While contrasting the shareholder and communitarianism perspectives, the stakeholder’s theory does not separate ethics from business but rather embraces ethics in every aspect of the corporation. The theory is used as a basis for corporations to translate business ethics to management strategy and practice. It is this view that allows the stakeholder’s theory to embrace other values such as trust in its operations other than efficiency only as it is with the shareholder’s theory. Eskerod and Huemann (2013) agree that trust is a valuable element of the theory where the stakeholders need to trust the corporation where each of the groups accepts the optimism and vulnerabilities of each other. In so doing, the involvement of the stakeholders in the decision-making process is priceless.

The theory has been criticized, where some studies argue that it has been put in place to act as an excuse for managerial opportunism. In so doing, the critics argue that the theory grants the firm managers a chance to engage in self-dealing defense, making it difficult to judge their performance. This is in contrast to those managers who have the sole purpose of serving the interest of the shareholders. However, in response to the criticism, Freeman (2010) argues that the managers have increased obligations hence making it difficult to self-deal due to the increased constituencies that require the managerial responsibility of the managers.

Chapter Three: Reflection on the challenge

Company background

Nike Inc. is an American corporation that specializes in making sportswear in the form of shoes, apparel, and other athletic accessories globally. The company was founded in 1964 as Blue-Ribbon and later named Nike Inc. in 1978. The major competitors for the brand include Adidas, New balance, and ASICS America, among others (Nike, Inc. 2021). The company is said to have a global market share of 37%in the sales of athletic footwear, making it one of the best businesses in its industry. Nike Inc is directly involved in the marketing, designing, and development of its products.

However, the manufacturing of its products has been left to the independent contractors, a majority of who are based overseas. The company was in the limelight, especially over the issue of having its manufacturing done overseas. This is because they have majored the operations in countries like China, Indonesia, and Pakistan, which are made of collectivist societies and hence do not put profits first, but group cohesion. Nike had then been accused of taking advantage of the cheap labor in these countries and also prolonging the working hours, yet the wage was below the living wage of those countries. Additionally, the company was accused of having neglected the working conditions of the employees in those countries, where drinking water was a problem, toilets were not available to the employees, and the cleanliness of the environment they worked in was poor. The decision to move to cheap labor countries can be said to be a way for the company to reduce its cost and maximize its profits. In line with this, the company paid for very expensive celebrity endorsement advertisements as a way of increasing their profits while neglecting the employees and the local communities. The company was also faced with the environmental issue of using chemicals that are harmful to the surroundings.

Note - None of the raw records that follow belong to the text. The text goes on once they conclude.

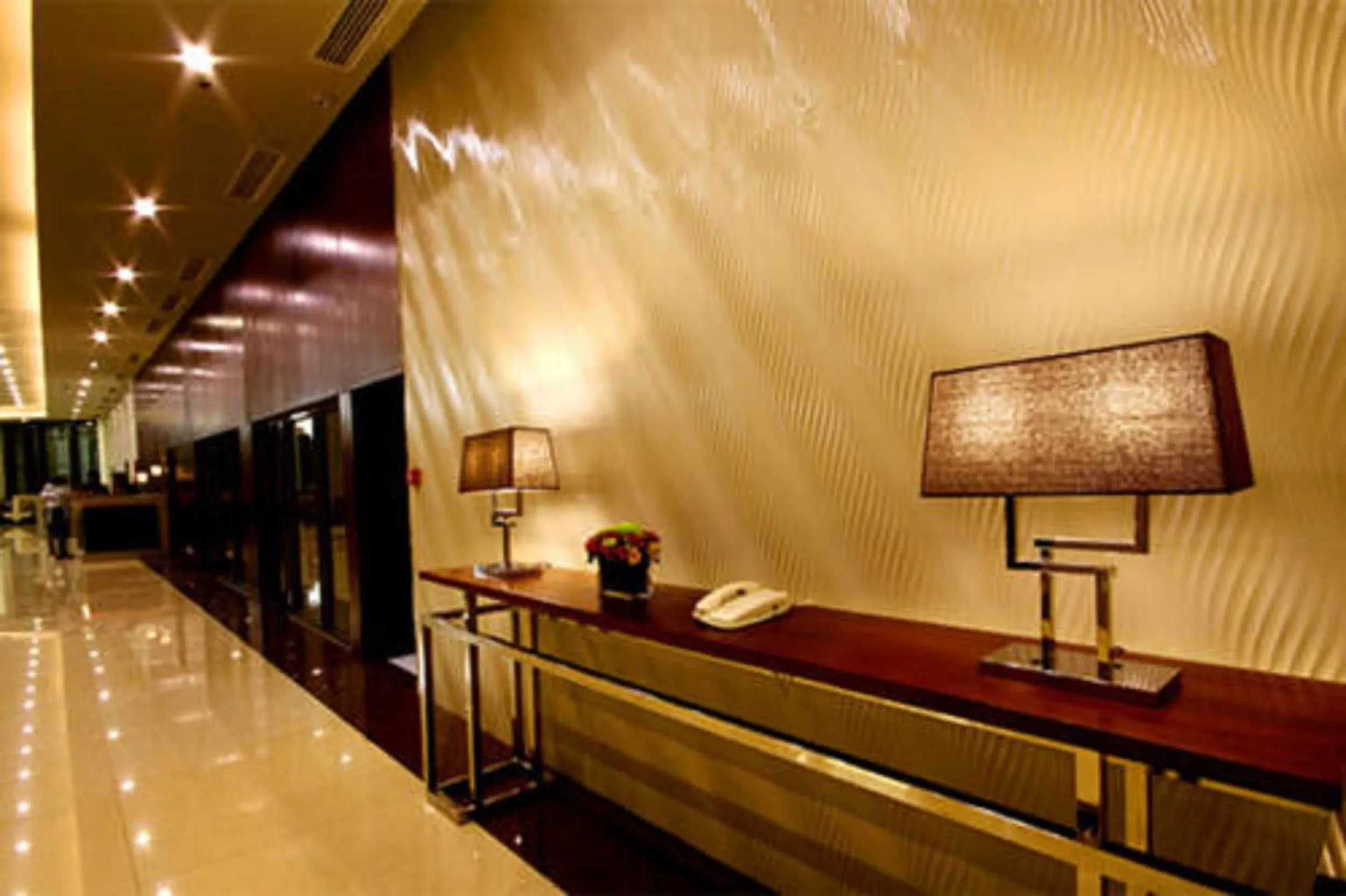 Lobby or reception in Mandarin Plaza Hotel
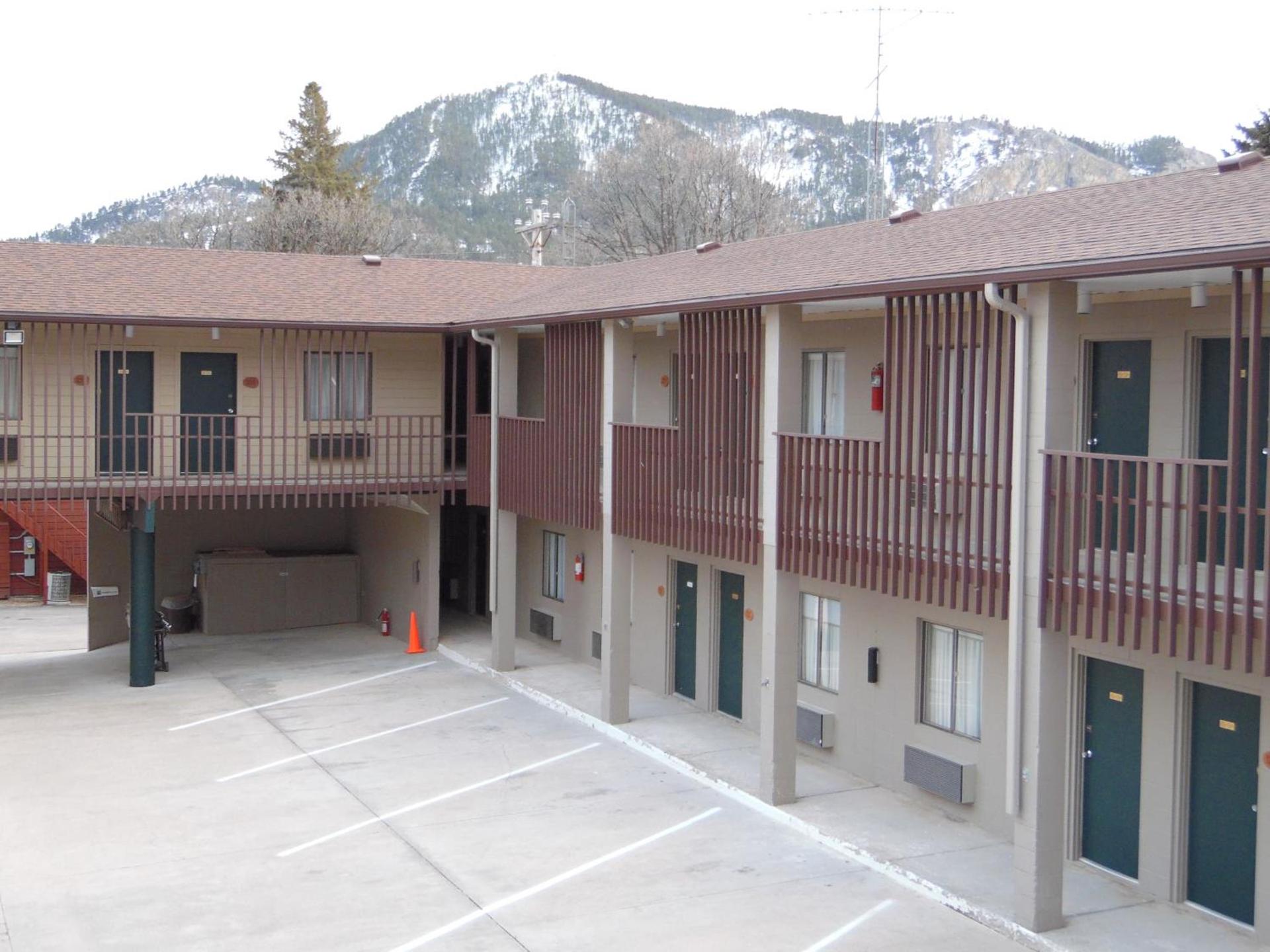 Bear Lodge Motel photo 43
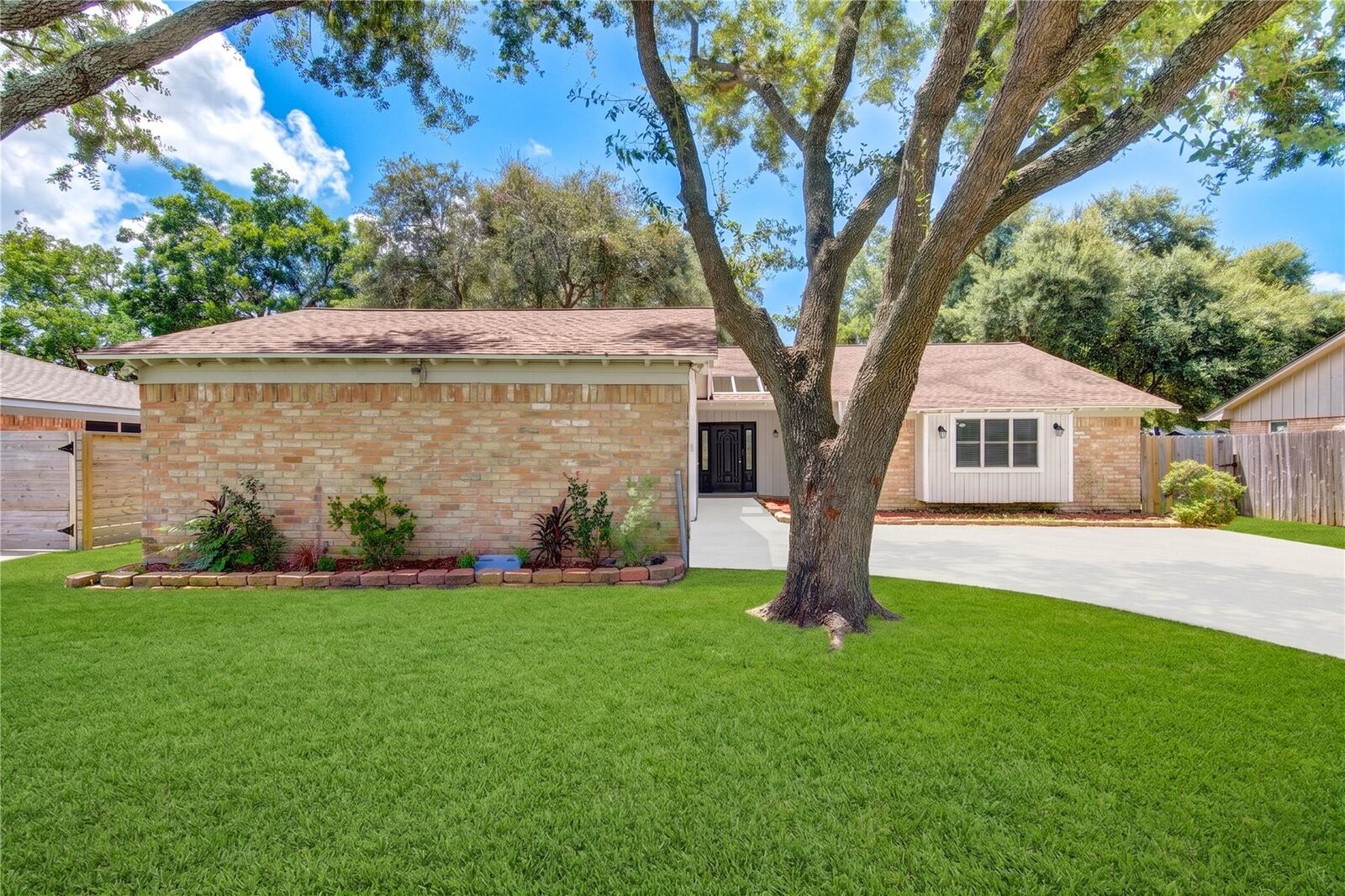 Property Photo:  2537 N 21st Avenue N  TX 77590 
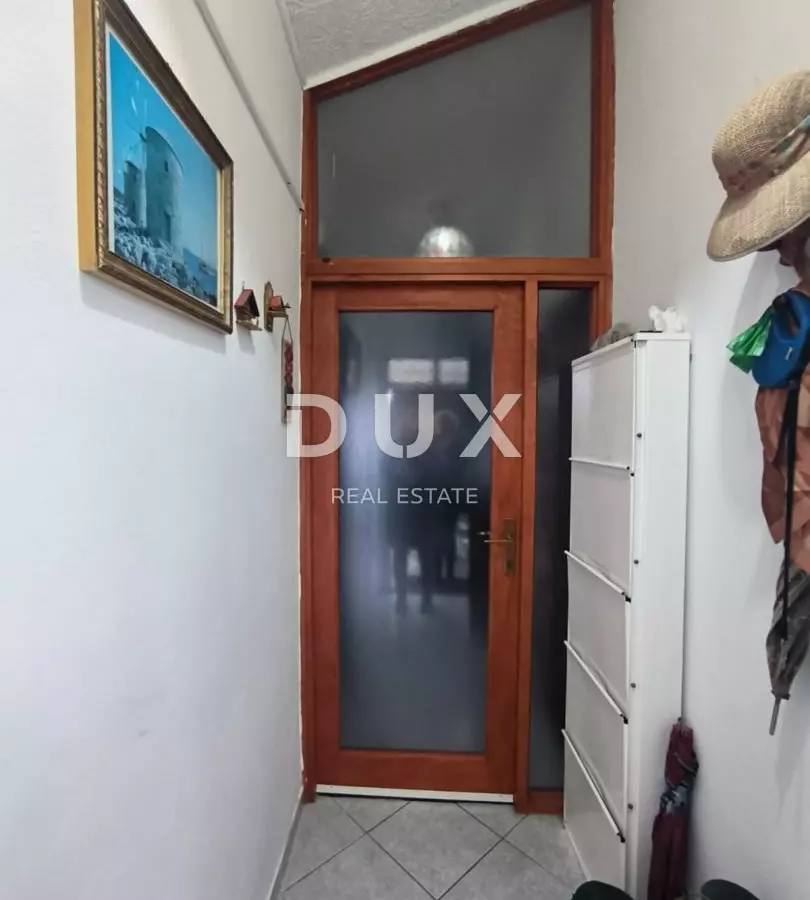 4-bedroom Apartment In Banjole, Croatia (81 M²)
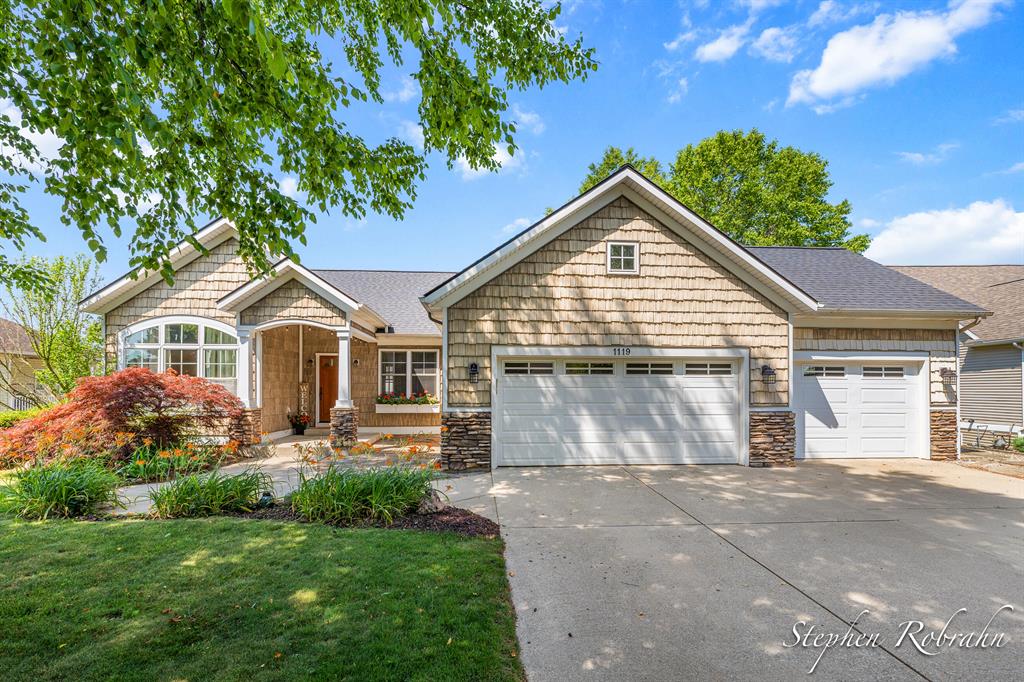 1119 Mid Bluff Drive , Zeeland, Michigan image 1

From the aforementioned activities, Nike can be said to have acted under the shareholder’s theory, where the interest was to maximize the profits and have the shareholders satisfied, while the rest of the stakeholders acted as means to achieving the profits. However, in so doing, the ethical aspect was left out, but the company concentrated on efficiency alone. According to utilitarianism, people are called to do good that brings happiness to everyone or a majority of the affected by the outcome (O’Neill, 2017). This was definitely not the case for Nike, but rather, the company chose the Kantian view that argues people should do their obligation, in this case, the employees performed their duties as required.

A reflection of the stakeholder issue, while using the stakeholder’s theory.

The following analysis will base its argument while focusing on Nike Inc.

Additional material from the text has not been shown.